This study provides timely evidence on the seeming ineffectiveness of an intervention designed to reduce alcohol consumption

 

Theresa Marteau

Banning multi-buy promotions for alcohol, implemented in Scotland in October 2011 as part of the Alcohol Act 2010, failed to reduce the amount of alcohol purchased, according to a new study. The research, conducted by the Behaviour and Health Research Unit, a collaboration between the Universities of Cambridge and East Anglia, is published in the leading academic journal Addiction.

Excessive alcohol consumption is a major cause of ill-health and mortality and is also associated with economic and social harm. The Scottish government was among the first in the world to introduce a ban of multi-buy promotion (for example, “2 for £8” and “buy-one-get-one-free”), a popular price promotion tactic used by retail outlets stores. Multi-buy promotions were seen to stimulate bulk purchase and hence greater consumption of alcohol.

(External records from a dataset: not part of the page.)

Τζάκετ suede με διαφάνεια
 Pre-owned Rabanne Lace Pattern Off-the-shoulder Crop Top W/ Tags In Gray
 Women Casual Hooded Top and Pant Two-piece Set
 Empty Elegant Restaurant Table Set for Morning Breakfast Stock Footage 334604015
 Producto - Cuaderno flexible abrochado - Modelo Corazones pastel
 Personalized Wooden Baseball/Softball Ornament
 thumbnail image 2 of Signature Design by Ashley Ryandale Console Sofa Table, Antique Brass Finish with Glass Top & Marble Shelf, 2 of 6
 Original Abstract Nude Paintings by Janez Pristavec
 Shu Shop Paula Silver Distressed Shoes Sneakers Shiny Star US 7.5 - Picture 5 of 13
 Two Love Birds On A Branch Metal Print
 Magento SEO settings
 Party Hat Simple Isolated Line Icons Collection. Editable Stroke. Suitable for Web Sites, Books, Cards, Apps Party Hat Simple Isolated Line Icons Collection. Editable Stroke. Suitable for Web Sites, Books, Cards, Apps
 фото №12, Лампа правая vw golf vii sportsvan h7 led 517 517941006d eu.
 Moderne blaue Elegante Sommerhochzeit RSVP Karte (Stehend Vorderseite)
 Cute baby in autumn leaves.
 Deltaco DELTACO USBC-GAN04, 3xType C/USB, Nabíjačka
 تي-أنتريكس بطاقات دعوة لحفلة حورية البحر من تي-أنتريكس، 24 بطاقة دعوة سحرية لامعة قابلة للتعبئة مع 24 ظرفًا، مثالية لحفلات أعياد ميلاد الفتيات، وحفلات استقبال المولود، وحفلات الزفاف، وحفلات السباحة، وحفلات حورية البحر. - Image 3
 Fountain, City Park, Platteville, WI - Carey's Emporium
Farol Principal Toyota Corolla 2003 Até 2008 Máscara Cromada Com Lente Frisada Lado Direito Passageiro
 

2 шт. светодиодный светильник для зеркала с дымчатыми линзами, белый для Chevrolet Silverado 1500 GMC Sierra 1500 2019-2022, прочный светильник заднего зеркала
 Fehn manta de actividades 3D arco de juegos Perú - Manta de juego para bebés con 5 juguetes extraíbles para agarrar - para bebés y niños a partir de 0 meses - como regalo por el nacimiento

Using detailed household purchasing data from the Kantar WorldPanel, the researchers evaluated the impact of the policy on the volume of alcohol purchased as well as on consumers’ alcohol shopping patterns. The researchers found that the data as of June 2012 showed no evidence that the ban of multi-buy reduced the purchasing of beer, cider, wine, spirits, and flavoured alcohol drinks. In addition, it did not reduce the total amount of units of alcohol purchased.

They also found that the policy influenced shopping patterns of beer and cider, for which multi-buys had been used intensively: Scottish consumers started buying fewer products per shopping trip than they would have without the ban, but went out to buy beer and cider more frequently, leaving the overall amount purchased unchanged.

Theresa Marteau, from the University of Cambridge, said: “This study provides timely evidence on the seeming ineffectiveness of an intervention designed to reduce alcohol consumption.”

Ryota Nakamura, lead author of the study and a researcher with the University of East Anglia, said: “The industry appears to have responded to the ban by replacing multi-buy with simple price reduction, which made it possible for Scottish consumers to buy alcohol at a discounted price but with a smaller financial outlay. This might have mitigated the intended effects of the policy.”

Marc Suhrcke, also from the University of East Anglia, added: “More encompassing policy will be needed to achieve the goal of reducing excessive alcohol consumption and related harms. Partially banning price promotions leaves the door open for industry to just switch to other forms of price promotions, or indeed to reduce the overall price of alcohol. Imposing greater excise duties on alcohol and introducing minimum unit pricing have been shown to reduce alcohol consumption and associated harms. The government has recently put on hold plans to introduce minimum unit pricing.”